Love It Is a Dizziness

DESCRIPTION: Singer complains that love "winna lat a puir body gang about their business." "I drill the land that I should plow" and other foolish things. Love makes him more drunk than whiskey. "I first grew dizzy then gid daft and noo I'll dee for Peggy"
AUTHOR: James Hogg (source: Chambers and Whitelaw)
EARLIEST DATE: 1829 (Chambers)
KEYWORDS: courting love nonballad
FOUND IN: Britain(Scotland(Aber))
REFERENCES (3 citations):
Greig/Duncan5 934, "Love It Is a Dizziness" (7 texts, 6 tunes)
Whitelaw-BookOfScottishSong, p. 122, "Love It Is a Dizziness" (1 text)
ADDITIONAL: Robert Chambers, The Scottish Songs (Edinburgh, 1829), Vol I, pp. 152-153, "Love's Like a Dizziness"

Roud #6744
CROSS-REFERENCES:
cf. "Paddy's Wedding" (tune, per Greig/Duncan5 and Whitelaw)

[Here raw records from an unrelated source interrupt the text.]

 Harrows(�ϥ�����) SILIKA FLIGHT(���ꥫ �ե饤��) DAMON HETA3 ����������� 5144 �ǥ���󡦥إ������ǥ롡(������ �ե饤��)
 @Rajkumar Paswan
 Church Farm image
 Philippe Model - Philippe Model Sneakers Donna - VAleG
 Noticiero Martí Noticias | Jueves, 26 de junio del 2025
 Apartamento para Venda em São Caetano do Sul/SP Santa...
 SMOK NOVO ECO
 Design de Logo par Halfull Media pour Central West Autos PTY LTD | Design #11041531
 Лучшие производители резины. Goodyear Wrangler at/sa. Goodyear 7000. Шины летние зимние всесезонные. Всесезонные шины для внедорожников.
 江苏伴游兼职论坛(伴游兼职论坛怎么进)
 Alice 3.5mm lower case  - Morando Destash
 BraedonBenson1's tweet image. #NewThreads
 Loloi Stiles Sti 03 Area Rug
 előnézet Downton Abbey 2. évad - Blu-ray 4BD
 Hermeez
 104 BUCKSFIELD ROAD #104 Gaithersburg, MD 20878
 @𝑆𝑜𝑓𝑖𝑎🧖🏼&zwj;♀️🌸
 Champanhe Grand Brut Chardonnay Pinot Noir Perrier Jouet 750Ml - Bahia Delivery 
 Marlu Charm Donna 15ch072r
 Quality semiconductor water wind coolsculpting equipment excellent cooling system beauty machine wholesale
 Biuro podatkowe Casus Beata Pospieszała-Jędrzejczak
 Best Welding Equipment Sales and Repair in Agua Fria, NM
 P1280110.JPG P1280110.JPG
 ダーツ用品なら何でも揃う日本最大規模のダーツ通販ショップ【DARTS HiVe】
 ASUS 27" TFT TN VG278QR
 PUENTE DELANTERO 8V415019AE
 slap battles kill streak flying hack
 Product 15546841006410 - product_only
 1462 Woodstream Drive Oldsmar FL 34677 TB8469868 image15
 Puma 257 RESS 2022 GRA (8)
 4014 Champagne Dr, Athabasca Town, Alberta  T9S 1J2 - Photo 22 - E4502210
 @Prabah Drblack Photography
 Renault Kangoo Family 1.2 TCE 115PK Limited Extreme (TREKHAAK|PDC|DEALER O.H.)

NOTES [410 words]: Apparently, Whitelaw has his text from Hogg (1770-1836). That text says "Were Peggy's love to hire the job and save my heart frae breakin O I'd ... gang an spear for Mungo Park through Africa sae dreary O." That would date the text to between 1795 and 1806. "In 1795 the Association appointed Mungo Park [1771-1806] to explore the course of the River Niger" (source: "Biography: Mungo Park" at About: African History site).
Chambers has as Hogg's tune an earlier version of "Love's Like a Dizziness." - BS
According to Fleming, p. 15, Sir Joseph Banks, president of the Royal Society, in 1799 proposed an exploration of the Niger. Nothing came of it at the time, but Banks also headed the African Association, which sent out various exploratory parties.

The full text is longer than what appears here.